Proof. We begin by observing that we may bound the supremem from below by an average over an arbitrary pair of \(P_1 \in \Pp_1\) and \(P_2 \in \Pp_2\):

\begin{align*} \sup_{P\in\Pp}\EE_Pd(\hat\theta, \theta(P)) &\geq\frac{1}{2}\left[ \EE_{P_1} d(\hat\theta, \theta(P_1)) + \EE_{P_2} d(\hat\theta, \theta(P_2)) \right] \end{align*}

We are there able to lower bound the distances to \(\theta(P_1) \in \Dd_1\) and \(\theta(P_2) \in \Dd_2\) by the distances to arbitrary members of \(\Dd_1\) and \(\Dd_2\) -- say, the elements in each subset closest to \(\hat\theta\).

\begin{align*} \frac{1}{2}\left[ \EE_{P_1} d(\hat\theta, \theta(P_1)) + \EE_{P_2} d(\hat\theta, \theta(P_2)) \right] &\geq \frac{1}{2}\left[ \EE_{P_1} d(\hat\theta, \Dd_1) + \EE_{P_2} d(\hat\theta, \Dd_2) \right] \end{align*}

At this point, we may note that each expectation is an integration with respect to a probability measure. Therefore, we may interpret each one as a weighted sum, and lower bound the sum of the two by integrating with respect to the pointwise minimum of the two measures.

\begin{align*} \frac{1}{2}\left[ \EE_{P_1} d(\hat\theta, \Dd_1) + \EE_{P_2} d(\hat\theta, \Dd_2) \right] &\geq \frac{1}{2}\left[ \int \left(d(\hat\theta, \Dd_1) + d(\hat\theta, \Dd_2)\right) \min\{p_1, p_2\}d\mu \right] \end{align*}

Applying the triangle inequality completes the proof:

\begin{align*} \frac{1}{2}\left[ \int \left(d(\hat\theta, \Dd_1) + d(\hat\theta, \Dd_2)\right) \min\{p_1, p_2\}d\mu \right] &\geq \frac{1}{2}\left[ \int d(\Dd_1, \Dd_2) \min\{p_1, p_2\}d\mu \right] \\ &\geq \frac{1}{2}\left[ \int 2\delta \min\{p_1, p_2\}d\mu \right] \\ &= \delta \int \min\{p_1, p_2\}d\mu \\ &= \delta \norm{P \wedge Q} \end{align*}

Discussion

Le Cam's method gives a simple, intuitive way to give a lower bound on the maximum risk associated with estimating a parameter by considering two subsets of the parameter space with a suitable degree of separation.
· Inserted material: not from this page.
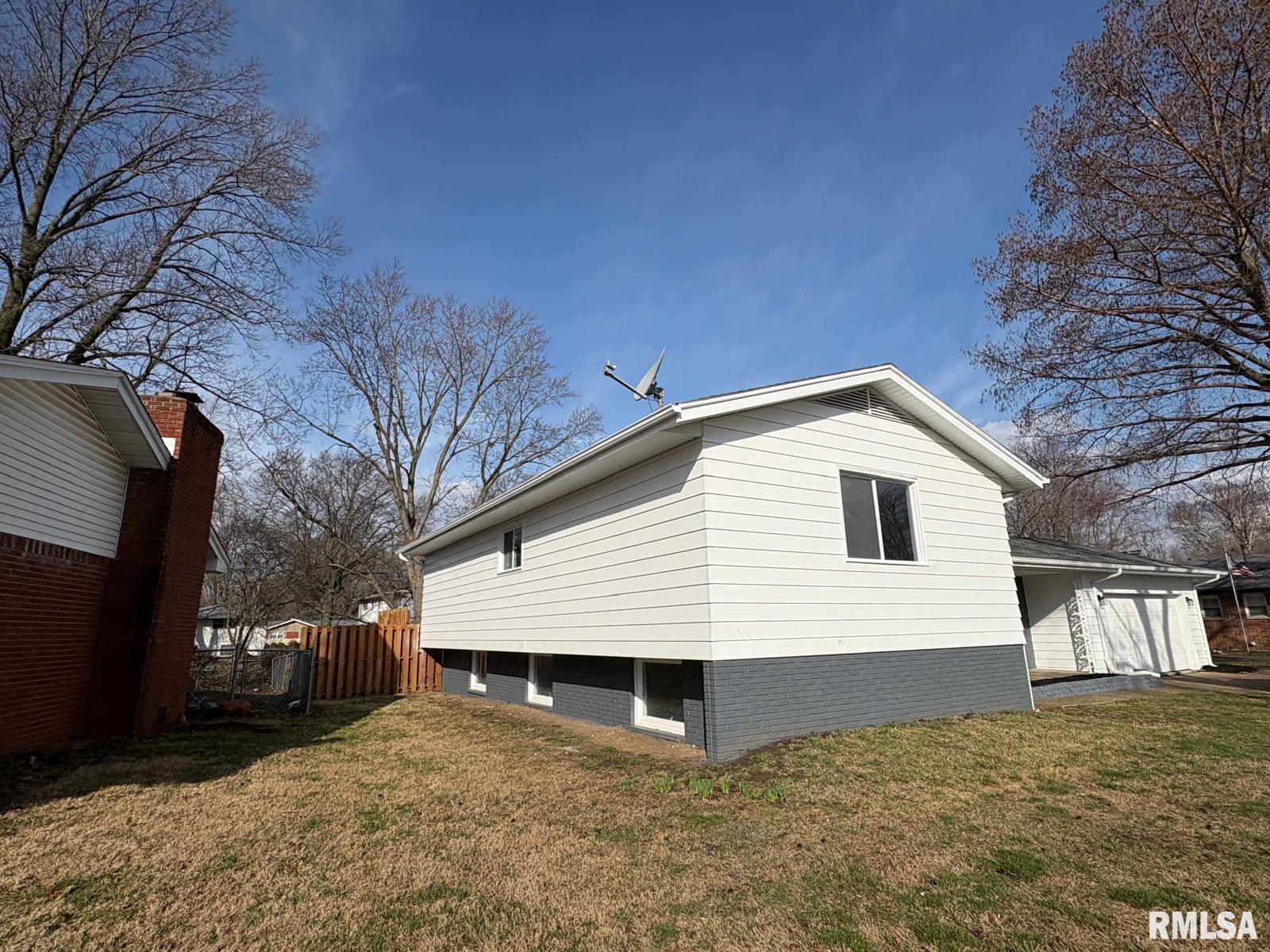 29 Andover Drive Springfield, IL 62704 - Photo 3 of 44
The true challenge is identifying these subsets of the parameter space in a way that gives a useful bound.

It's worth noting that intuitively, the search for a useful bound involves a balancing act between the separation distance distance \(\delta\) and the total variation affinity between \(\mathcal{P}_1\) and \(\mathcal{P}_2\). We could maximize the total variation affinity by taking \(P_1 = P_2\), but then \(\delta = 0\). Conversely, choosing \(\mathcal{P}_1, \mathcal{P}_2\) such that \(\delta\) is large may cause \(\norm{P_1 \wedge P_2}\) to vanish.

Better rates may be achieved by using Assouad's Lemma, which applies Le Cam's method in a multiple comparisons setting. Bin Yu also remarks that "Le Cam's method often gives the optimal rate when a real function is estimated... [whereas Assouad and Fano] seem to be effective when the whole unknown function is being estimated."